Activity
Output all the data exactly as it appears below.

START Provided data

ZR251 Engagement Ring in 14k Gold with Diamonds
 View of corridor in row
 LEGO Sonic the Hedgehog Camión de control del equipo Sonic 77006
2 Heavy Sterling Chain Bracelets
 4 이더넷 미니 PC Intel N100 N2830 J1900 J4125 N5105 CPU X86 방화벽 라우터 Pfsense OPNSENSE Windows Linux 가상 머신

END Provided data

Expected answer
ZR251 Engagement Ring in 14k Gold with Diamonds
 View of corridor in row
 LEGO Sonic the Hedgehog Camión de control del equipo Sonic 77006
2 Heavy Sterling Chain Bracelets
 4 이더넷 미니 PC Intel N100 N2830 J1900 J4125 N5105 CPU X86 방화벽 라우터 Pfsense OPNSENSE Windows Linux 가상 머신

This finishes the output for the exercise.